Task goal: A word-for-word reproduction of the data below is needed, with no pictures in it.
---------- Dataset section
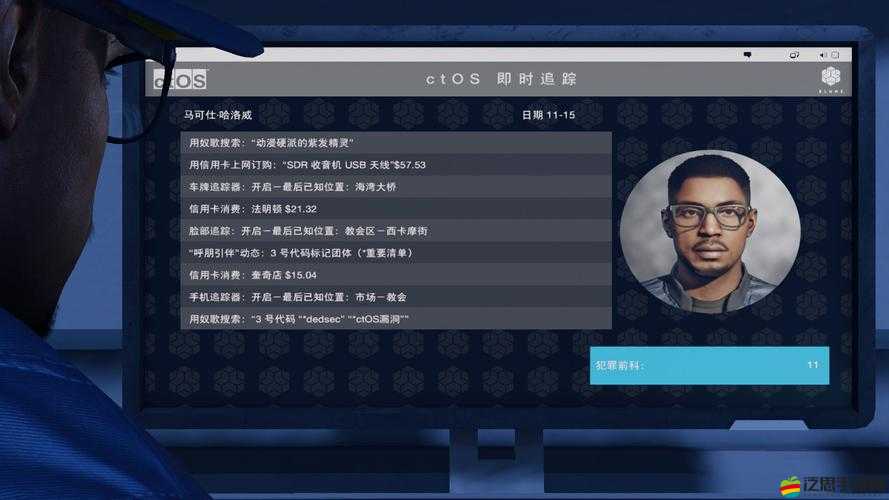 看門狗游戲技巧深度解析，跟蹤與藏匿策略心得全面分享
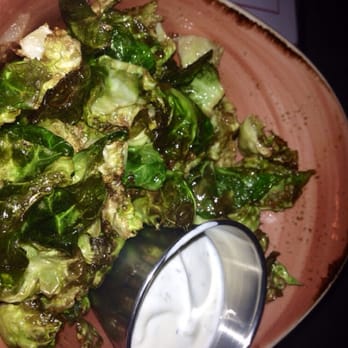 Brookland's Finest - Brussels sprouts - New American Near Me - Washington, DC, District of Columbia Brookland's Finest - Brussels sprouts - New American Near Me - Washington, DC, District of Columbia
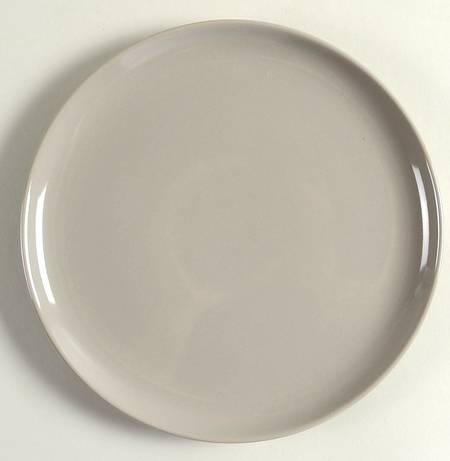Camden Stone Gray Salad Plate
--------------------
Response below:
 看門狗游戲技巧深度解析，跟蹤與藏匿策略心得全面分享
 Brookland's Finest - Brussels sprouts - New American Near Me - Washington, DC, District of Columbia Brookland's Finest - Brussels sprouts - New American Near Me - Washington, DC, District of Columbia
Camden Stone Gray Salad Plate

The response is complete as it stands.